:: Supplied information ::

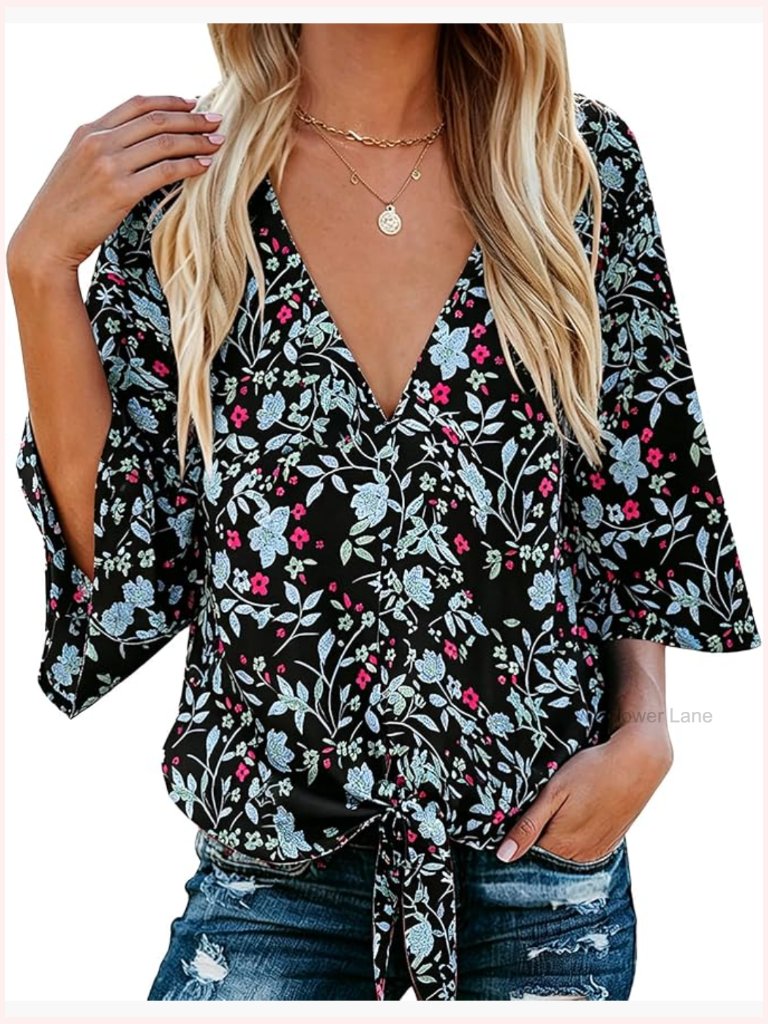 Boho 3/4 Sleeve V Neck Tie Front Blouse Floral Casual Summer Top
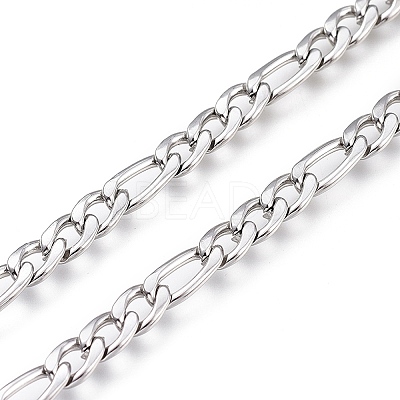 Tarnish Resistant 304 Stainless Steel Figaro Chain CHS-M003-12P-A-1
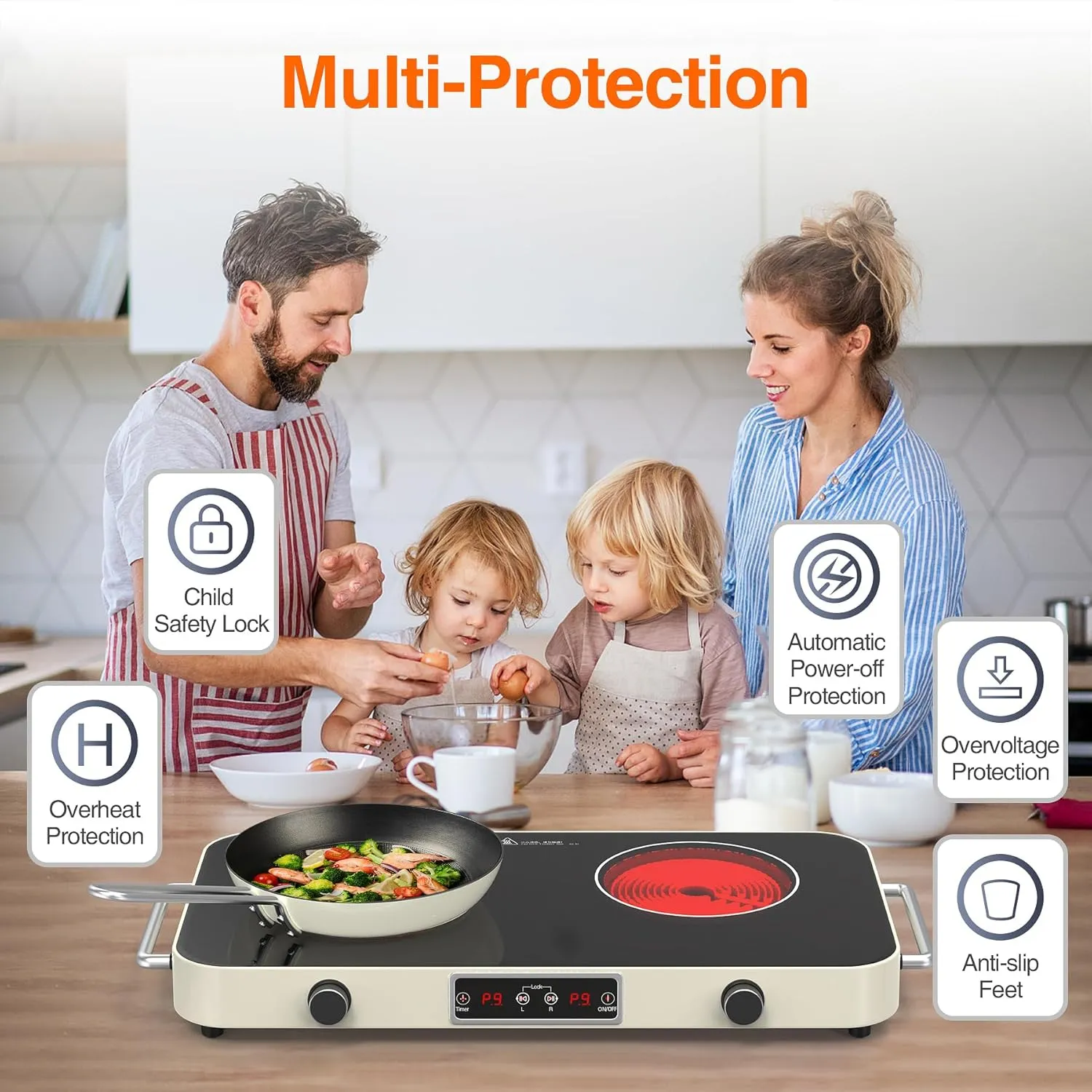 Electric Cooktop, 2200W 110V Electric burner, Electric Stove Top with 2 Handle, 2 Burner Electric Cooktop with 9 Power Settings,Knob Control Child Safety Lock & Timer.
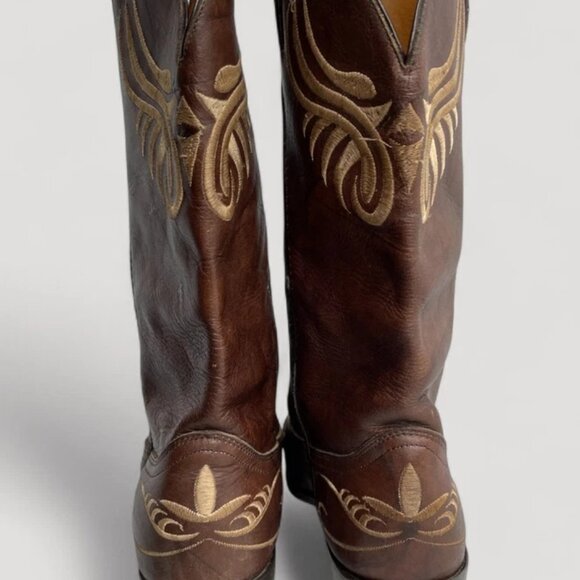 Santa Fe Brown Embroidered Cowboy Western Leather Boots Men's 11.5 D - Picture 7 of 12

:::

◆ **What you have to do**: Once the pictures are set aside, repeat the data above exactly as written.

◆ **Response to this task**:
 Boho 3/4 Sleeve V Neck Tie Front Blouse Floral Casual Summer Top
 Tarnish Resistant 304 Stainless Steel Figaro Chain CHS-M003-12P-A-1
 Electric Cooktop, 2200W 110V Electric burner, Electric Stove Top with 2 Handle, 2 Burner Electric Cooktop with 9 Power Settings,Knob Control Child Safety Lock & Timer.
 Santa Fe Brown Embroidered Cowboy Western Leather Boots Men's 11.5 D - Picture 7 of 12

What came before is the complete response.